I couldn't talk you out of it, huh? Best of luck to you, and I hope you enjoy it as much as I did. To help you on your way, though, here are a few resources I found helpful and which I suggest to you. (Note: all links are affiliate links.)

  • The most important skill I can recommend to you, as a new professor, is time management. This boils down two to two things: managing your commitments & projects, and focusing on your long term goals. For the first of these, I can recommend no resource higher than Getting Things Done by David Allen. Essentially, this is just a collection of 'tricks' for collecting and managing requests/information/ideas/etc as they are thrown at you, but they work. And furthermore, they continue to work even if you implement them piecemeal, tweak them to suit your own particular way of doing things, etc. I cannot recommend it too highly. (In fact, I try to re-read it once a year or so just to see if there's anything more in there I can use. There usually is.)

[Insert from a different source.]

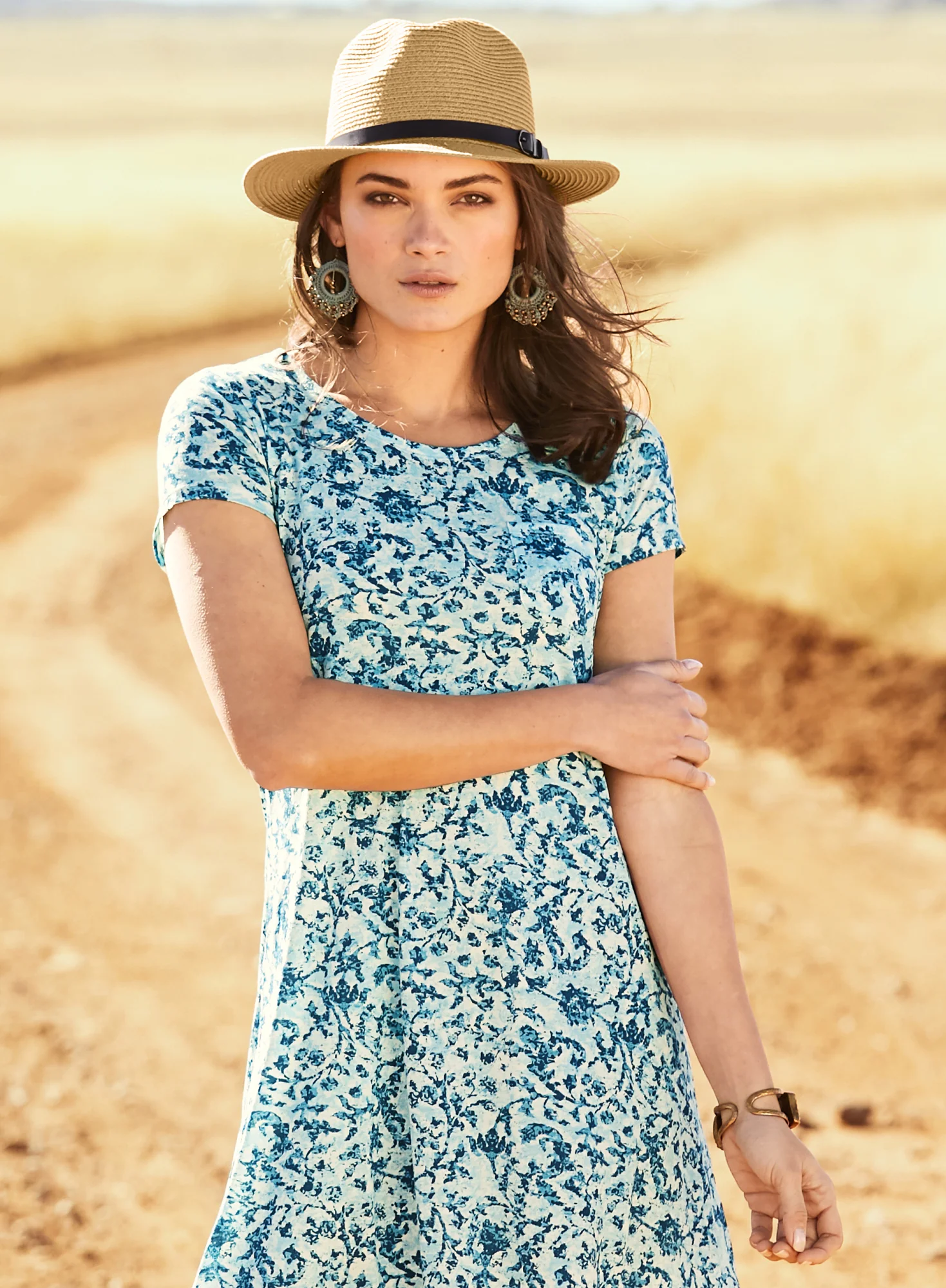 Brass Buckle Fedora - Image 4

Right. So with that one book, you've got the commitment/project management side covered. I wish I could recommend a similarly strong book for the other side, focusing on your long-term goals, but I haven't found one yet. David Allen has written a follow-up book on this exact topic (Making It All Work) but I haven't read it yet. A lot of people seem to find inspiration in Seven Habits of Highly Effective People, but I found it a little insipid. Your mileage may vary.

If anyone has a good book on the topic they'd like to recommend, can they please leave it in the comments?

  • Teaching is a skill. It helps to have talent, but everyone's got some learning to do before they get good at it. Now, you can learn from your own painful experience, but I prefer to learn from other people's painful experience instead. And the best book I can recommend for in-classroom teaching skills is The Torch or the Firehose by Arthur P. Mattuck, a pamphlet published by MIT for its TAs. Everything I learned about working a classroom, I learned from that book. (And every time I deviated from its good advice, I regretted it.) It's good, and it's free. Go download it.

  • As for everything else, I recommend Advice for New Faculty Members, by Robert Boyce. In particular, I especially appreciate that this is not a collection of tricks. Instead, it tries to instill a specific mindset to have-- one which focuses on maintaining equilibrium for the long haul. From the table of contents: "Wait" (Chapter 1), "Stop" (Chapter 4), and "Let others do some of the work" (Chapter 7). The book does have its share of specific advice and tricks, but the thing that sets it apart from other books on the topic is this zen-like mindset of moderation in all things. Like Getting Things Done, above, 90% of this book will go over your head the first time you read it. I suggest you re-read it every year or so until there's nothing more in it to be gained. (And if you ever get to that point, you've made it well past me.)

Do any of the other professors out there have other suggestions to throw in?